I have no doubt that this Jagged fellow has been doing some very sloppy and probably biased editing but this strikes me as an exceedingly sloppy example to be picking on. I hope the irony is also not lost on anyone here that no one is bothering to fact check the sloppiness of a WR contributer. It would also be nice to see some evidence of Jagged's misinformation actually making it into the rest of cyberspace. I don't see this, all I see is the mere fact that "Avicennian logic" turns up Google hits but then again it's used in the Stanford Encyclopedia so what does that prove? The real problem here is that the encyclopedia drives off people with actual expertise in subjects like this, and then someone arrives with good intentions and writes junk entries about subjects they have no business covering. The solution is of course for people who do have some knowledge in these areas to go about fixing the entries instead of wasting time discussing them. If Jagged has provided a very distorted picture of Avicenna's contributions to logic lets see it fixed.

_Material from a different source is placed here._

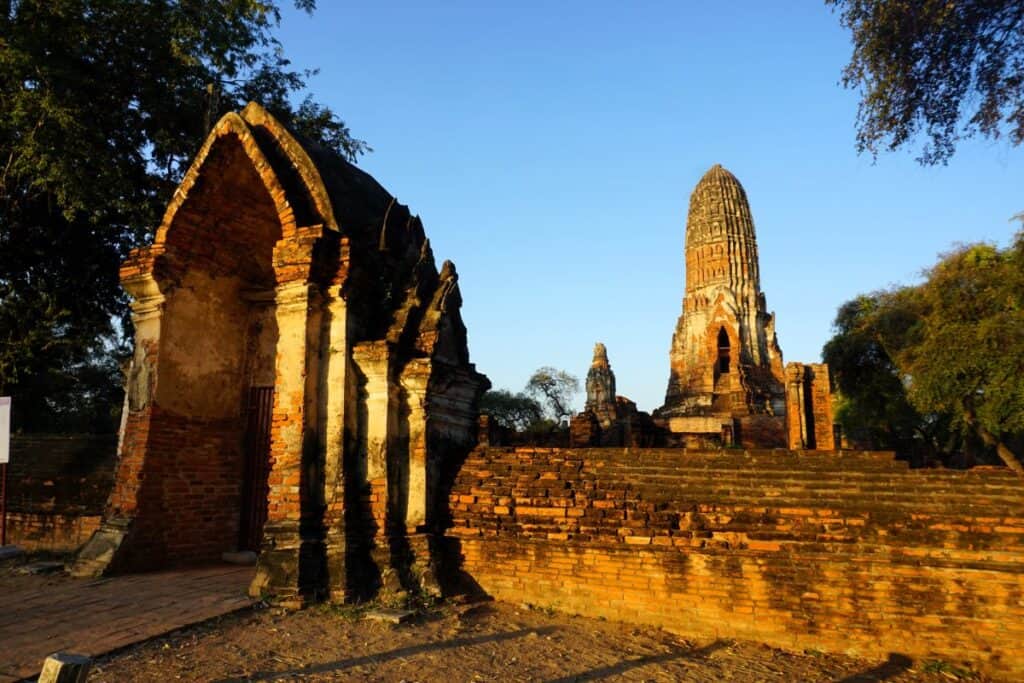 Ruined temple at Wat Phra Ram in Ayutthaya Thailand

Addendum -- Digging even further into the references on the entry produces an even more suggestive entry from the Stanford Encyclopedia regarding whether or not Avicennian logic can be described as a "system" or at least "school" of logic. Again this was easily linkable through the entry
But the work on logic which was both technically advanced (and therefore unlike Ghazâlî's) and influential on later Arabic logicians (and therefore unlike Averroes') was done by Avicennan logicians who had begun to repair and reformulate Avicenna's work. Just as Avicenna had declared himself free to rework Aristotle as Intuition dictated, so too Avicenna's school regarded itself free to repair the Avicennan system as need arose, whether from internal inconsistencies, or from intellectual requirements extrinsic to the system. A major early representative of this trend is ‘Umar ibn Sahlân as-Sâwî (d. 1148) who began, in his Logical Insights for Nasîraddîn, to rework Avicenna's modal syllogistic. It was to be his students and their students, however, who would go on to make the final changes to Avicennan logic that characterized the subject that came to be taught in the madrasa.
Sounds like a "system of logic" to this layman. I remain perplexed here.